22 December 2015

Poland is considering restricting payment of child benefit for non-resident children

The Polish government has got itself into a bit of a muddle over its flagship election pledge of introducing a new universal child benefit of 500 zł (around £90) per month for the second child and above – specifically on the question of whether this would be restricted to children living in Poland or also paid out for children living abroad. When asked if families living abroad would also receive the benefit, Prime Minister Beata Szydło said that “yes, this is a programme directed at all Polish families.” However, deputy Prime Minister Mateusz Morawiecki argued that:

We don’t want to pay money out for children who live in very wealthy countries in the West and already receive such benefits there… We cannot at this point afford to help out the British state.

Polish Deputy Prime Minister Mateusz Morawiecki, 23 December 2015

Aside from its electoral potency, the policy ultimately has two objectives – firstly, to reverse Poland’s long-standing demographic decline (Poland’s fertility rate of 1.29 children per woman is one of the EU’s lowest) and secondly to serve as a form of domestic economic stimulus. It is clear how sending this money to the tens of thousands of Poles living abroad (Morawiecki cited a figure of around 700,000 in the UK alone, 350,000-400,000 of which he said were children) would undermine both of these objectives.
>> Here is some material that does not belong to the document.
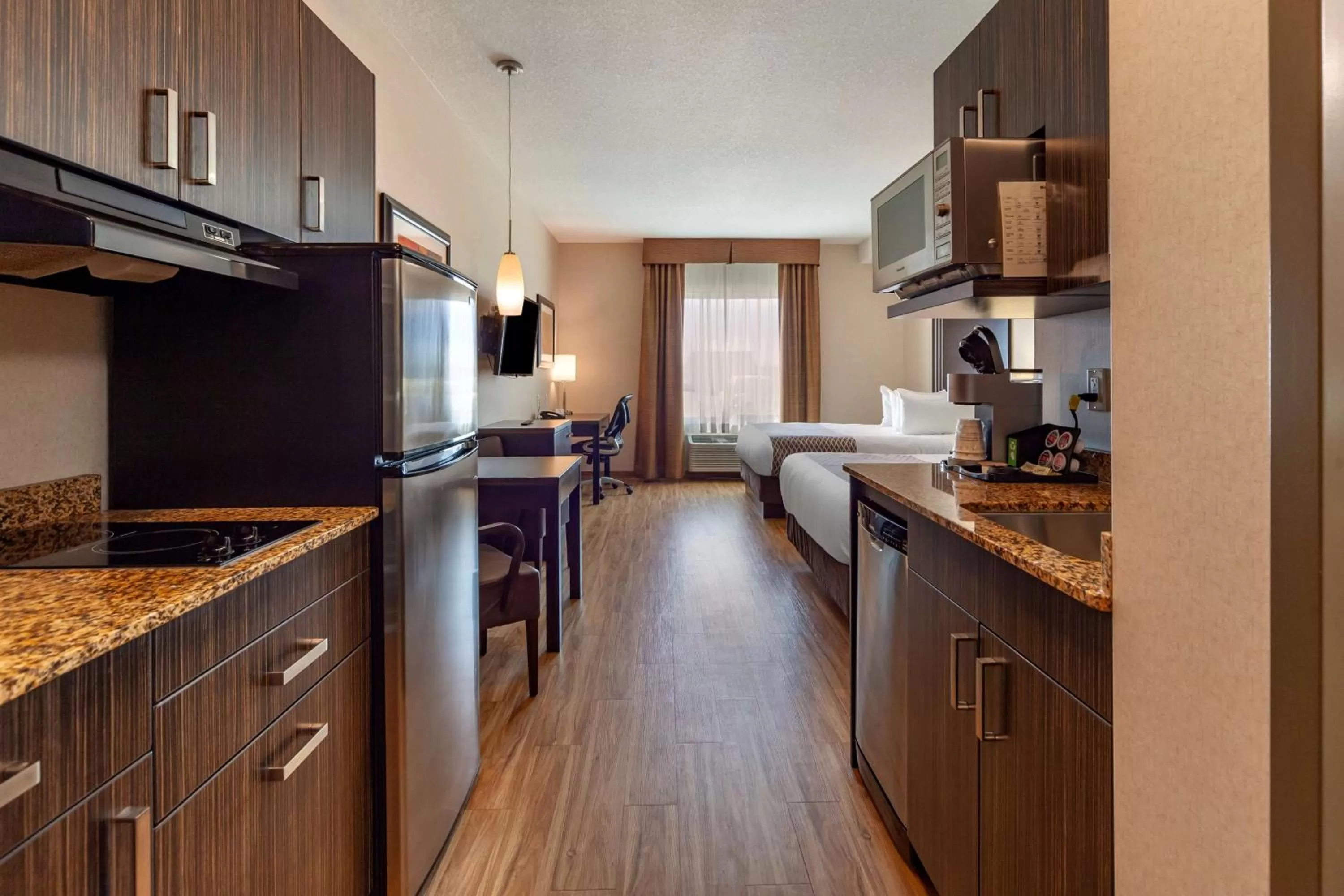Property building in Best Western Plus Drayton Valley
The problem for the Polish government is how to factor in often complex family arrangements and the restrictions of EU rules. While it would seemingly be simple not to pay the benefit to whole families who have moved abroad, it is less obvious how it would deal with families where one parent has moved abroad and the other stayed behind, or where both have moved abroad and left the children in the care of grandparents.
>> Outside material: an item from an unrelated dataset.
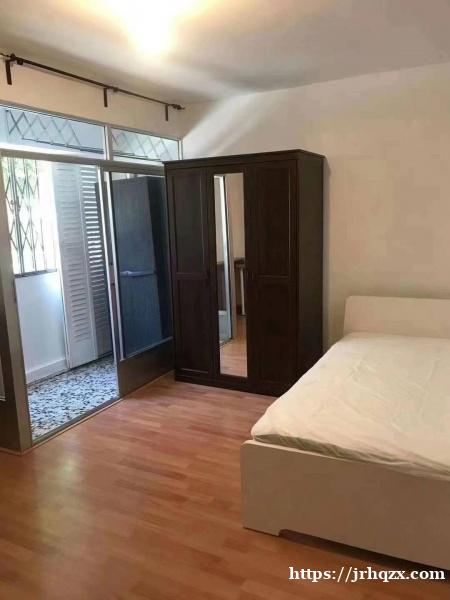 7号线Valdezarza地铁站 __-3室1厅1卫整租 __- 1楼,有暖气,家具齐全。每个房间 7号线Valdezarza地铁站 __-3室1厅1卫整租 __- 1楼,有暖气,家具齐全。每个房间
How does this relate to EU rules and the UK’s renegotiation?

Ironically, there are some parallels with the UK debate on how EU free movement rules interact with access to benefits, where the UK – alongside several other countries – also wants to scrap the ‘export’ of child benefit for non-resident children. This could well be agreed as part of the renegotiation, even though Poland has consistently and strongly opposed changing EU benefit rules (see here for example).

The UK’s demand for a four year ban on access to in-work benefits is slightly different as it deals with people coming in as opposed to those who have left, and also as it seeks to discriminate on the basis of nationality rather than residency (an issue we have discussed at length here). But the same broader principle applies of wanting to tailor policies to achieve specific domestic economic objectives. In the UK’s case, tax credits aim to reintegrate unemployed Brits back into the labour market, while in Poland’s case, the new generous child benefit aims to address its demographic crisis/provide a domestic economic stimulus.

While Poland might be able to introduce a residency test for its new child benefit within current EU rules (although on that basis the benefit will also have to be made available to all EU nationals with children living in Poland, no matter how wealthy), it underlines the need for a rethink on how EU rules on social security co-ordination work in practice. It is worth remembering that the EU’s social security rules were originally drawn up to ensure people commuting cross-border could build up and retain social security entitlements, but since enlargement there has been a much greater move towards longer-term resettlement. Given the former, one could also argue that the child benefit issue cuts to the heart of the discussion around ‘fundamental principles’ of free movement.